The moment he touches it, the metal begins to glow, starting with the hilt of the sword and expanding in an instant to fill the room. His companions are no longer visible, and the columns of the room stand intact, with none of the piles of rubble he was searching through a moment earlier.
Lariel's grave, too, is gone. In its place, Blai can see an angel, badly injured, lying on the ground, hand gripping a sword; in the same moment, he is the angel, and through the angel's eyes he can see a crowd of people, people he had come down from Heaven to protect, standing around him and closing off all escape. The wound on his chest, or perhaps the angel's, is bleeding again. To one side of him is a girl, terribly wounded, and a dreamlike sense of certainty tells him both that every other person he can see betrayed him, tricked him, left him to die the final death of an outsider, and that this girl alone fought by his side so that he could have even the tiniest chance of victory. The others jeer at them, jeer at him. They will die here, they say, and he will have bought nothing by his sacrifice.

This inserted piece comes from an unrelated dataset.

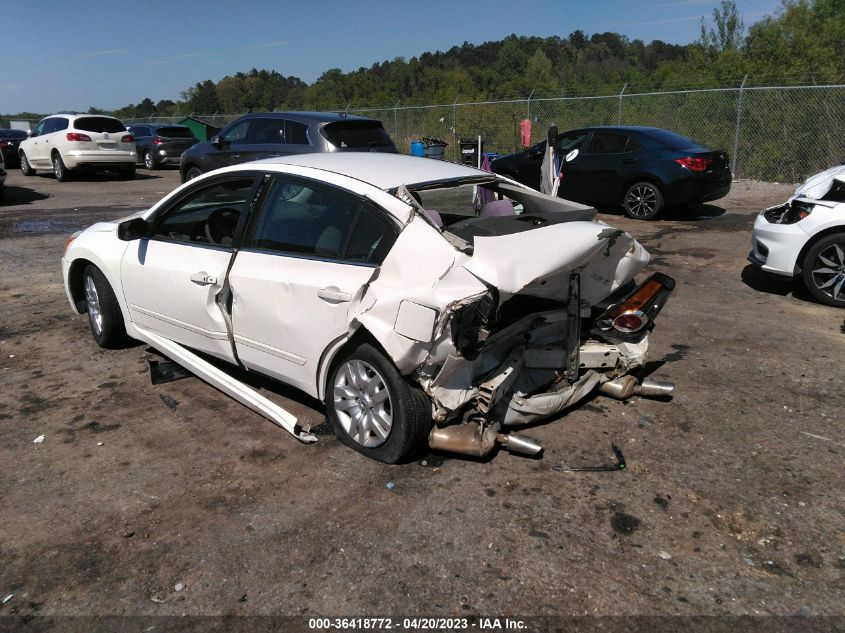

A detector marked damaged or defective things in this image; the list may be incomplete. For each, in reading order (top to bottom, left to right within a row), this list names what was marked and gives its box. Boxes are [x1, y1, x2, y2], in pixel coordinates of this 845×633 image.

There is anger burning in the angel's chest, fear twisting in the angel's stomach. He is running out of time, and he knows it. The same sense Blai would normally have for his own spells tells him that he has a healing spell left, a weak one. It would probably not be enough to save the girl, even if she managed to escape. It would certainly not be enough to save him. Or, with his other hand, he could take his sword, call on its magic, and try to strike down the traitors. But even if he could somehow kill every last one of them, he knows there is another power, far stronger than any of them, hiding somewhere far beyond his reach, and it is too late for him to defeat it. Either path will probably be futile, but inaction will certainly be.